At the heart of one of our major web applications at TigerLead is a property listing search. The search supports all the obvious criteria, like price range and bedrooms, more complex ones like school districts, plus a “full-text” search field.

This is the story of moving the property listing search logic from querying a PostgreSQL instance to querying an ElasticSearch cluster.The initial motivation for using ElasticSearch was to improve the full-text search feature. We’d been using the full text search features built into PostgreSQL which was functional but limited. I’m sure we could have made better use of it but we wanted to take a bigger leap forward.

At the time, early in 2012, we looked at various options, including Sphinx and Solr. Elasticsearch was new and relatively immature but had a compelling feature set and momentum.
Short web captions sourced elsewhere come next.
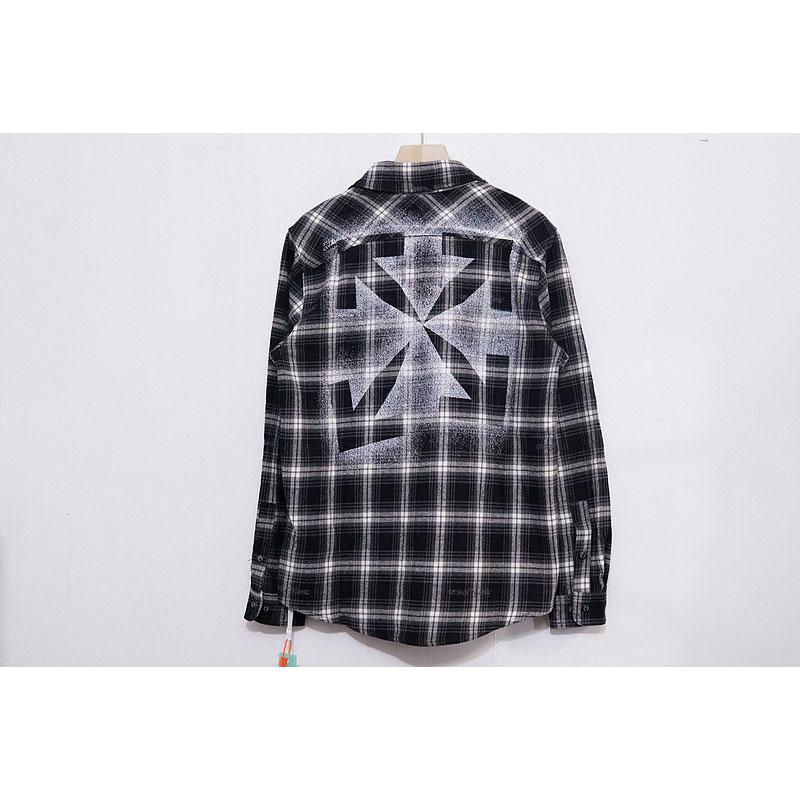 Autumn and Winter Arrow Plaid Shirt Men's Fashion Casual Tshirt Owt jacket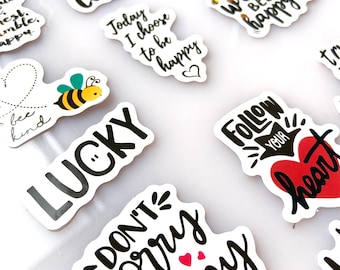 POSITIEVE AFFIRMATIES STICKERS Op tekst gebaseerde gelukkige motiverende stickerbundel inspiraties tekststickerpakket inspirerende citaat dagboeksticker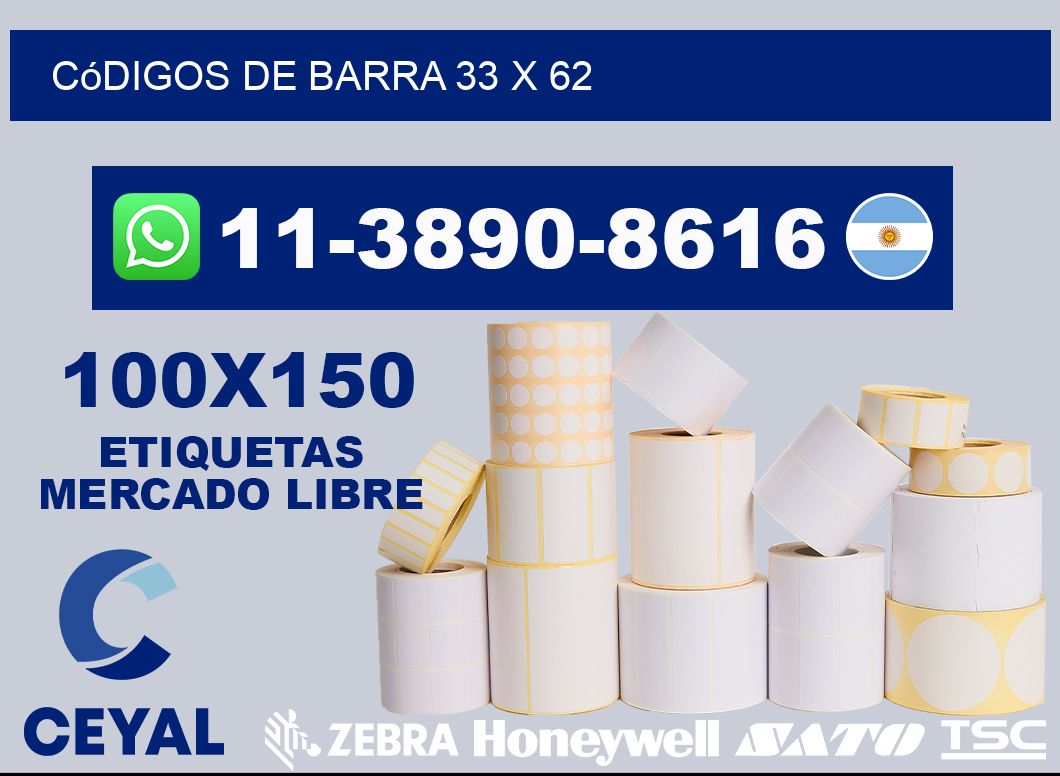 códigos de barra 33 x 62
The availability of powerful feature-rich APIs for Perl, i.e., the ElasticSearch, ElasticSearch::SearchBuilder, and Elastic::Model modules, was also a key factor. We began to see Elasticsearch as not just a solution for full-text search but as a strategic technology, applicable to a wide range of applications.

I found the learning curve quite steep. There was little in the way of guides and tutorials at the time and the reference documentation was patchy and often assumed familiarity with the terminology for Lucene, the foundation that underlies both Solr and Elasticsearch. Thankfully the documentation and other resources have improved since then. Also many companies are using Elasticsearch now (github, stackoverflow, foursquare, soundcloud, Wajam and kickstarter, to name a few) and blogging about their experience of what to do and what not to do.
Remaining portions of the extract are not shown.